Dataset excerpts >>
————————
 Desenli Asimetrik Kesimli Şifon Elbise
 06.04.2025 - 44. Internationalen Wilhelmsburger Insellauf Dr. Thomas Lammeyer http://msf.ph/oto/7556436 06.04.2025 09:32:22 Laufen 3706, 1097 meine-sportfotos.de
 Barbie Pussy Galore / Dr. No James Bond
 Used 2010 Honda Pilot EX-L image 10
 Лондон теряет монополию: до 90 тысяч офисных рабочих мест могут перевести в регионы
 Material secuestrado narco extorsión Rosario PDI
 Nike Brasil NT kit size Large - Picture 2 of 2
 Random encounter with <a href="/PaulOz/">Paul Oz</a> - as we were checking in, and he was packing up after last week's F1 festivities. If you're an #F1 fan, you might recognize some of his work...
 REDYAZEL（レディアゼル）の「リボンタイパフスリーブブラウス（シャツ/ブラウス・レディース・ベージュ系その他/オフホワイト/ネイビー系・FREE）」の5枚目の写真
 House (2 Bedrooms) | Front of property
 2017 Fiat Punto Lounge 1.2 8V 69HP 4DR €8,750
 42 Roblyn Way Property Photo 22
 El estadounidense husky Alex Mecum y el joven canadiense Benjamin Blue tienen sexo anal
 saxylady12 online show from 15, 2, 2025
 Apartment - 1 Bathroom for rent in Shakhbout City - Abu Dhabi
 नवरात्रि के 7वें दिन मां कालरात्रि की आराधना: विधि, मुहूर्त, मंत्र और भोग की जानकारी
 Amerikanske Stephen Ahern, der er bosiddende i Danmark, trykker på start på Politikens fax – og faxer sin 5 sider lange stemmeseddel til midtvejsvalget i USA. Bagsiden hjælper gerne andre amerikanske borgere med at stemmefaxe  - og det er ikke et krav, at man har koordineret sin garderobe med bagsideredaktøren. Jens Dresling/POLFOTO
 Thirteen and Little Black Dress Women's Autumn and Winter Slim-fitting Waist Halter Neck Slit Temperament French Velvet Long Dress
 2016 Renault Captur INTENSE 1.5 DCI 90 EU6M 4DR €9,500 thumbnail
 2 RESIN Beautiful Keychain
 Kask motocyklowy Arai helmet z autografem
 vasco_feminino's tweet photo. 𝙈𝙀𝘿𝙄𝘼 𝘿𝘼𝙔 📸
————————
What to produce >>
Now write the data shown above out again, word for word.

Written answer >>
 Desenli Asimetrik Kesimli Şifon Elbise
 06.04.2025 - 44. Internationalen Wilhelmsburger Insellauf Dr. Thomas Lammeyer http://msf.ph/oto/7556436 06.04.2025 09:32:22 Laufen 3706, 1097 meine-sportfotos.de
 Barbie Pussy Galore / Dr. No James Bond
 Used 2010 Honda Pilot EX-L image 10
 Лондон теряет монополию: до 90 тысяч офисных рабочих мест могут перевести в регионы
 Material secuestrado narco extorsión Rosario PDI
 Nike Brasil NT kit size Large - Picture 2 of 2
 Random encounter with <a href="/PaulOz/">Paul Oz</a> - as we were checking in, and he was packing up after last week's F1 festivities. If you're an #F1 fan, you might recognize some of his work...
 REDYAZEL（レディアゼル）の「リボンタイパフスリーブブラウス（シャツ/ブラウス・レディース・ベージュ系その他/オフホワイト/ネイビー系・FREE）」の5枚目の写真
 House (2 Bedrooms) | Front of property
 2017 Fiat Punto Lounge 1.2 8V 69HP 4DR €8,750
 42 Roblyn Way Property Photo 22
 El estadounidense husky Alex Mecum y el joven canadiense Benjamin Blue tienen sexo anal
 saxylady12 online show from 15, 2, 2025
 Apartment - 1 Bathroom for rent in Shakhbout City - Abu Dhabi
 नवरात्रि के 7वें दिन मां कालरात्रि की आराधना: विधि, मुहूर्त, मंत्र और भोग की जानकारी
 Amerikanske Stephen Ahern, der er bosiddende i Danmark, trykker på start på Politikens fax – og faxer sin 5 sider lange stemmeseddel til midtvejsvalget i USA. Bagsiden hjælper gerne andre amerikanske borgere med at stemmefaxe  - og det er ikke et krav, at man har koordineret sin garderobe med bagsideredaktøren. Jens Dresling/POLFOTO
 Thirteen and Little Black Dress Women's Autumn and Winter Slim-fitting Waist Halter Neck Slit Temperament French Velvet Long Dress
 2016 Renault Captur INTENSE 1.5 DCI 90 EU6M 4DR €9,500 thumbnail
 2 RESIN Beautiful Keychain
 Kask motocyklowy Arai helmet z autografem
 vasco_feminino's tweet photo. 𝙈𝙀𝘿𝙄𝘼 𝘿𝘼𝙔 📸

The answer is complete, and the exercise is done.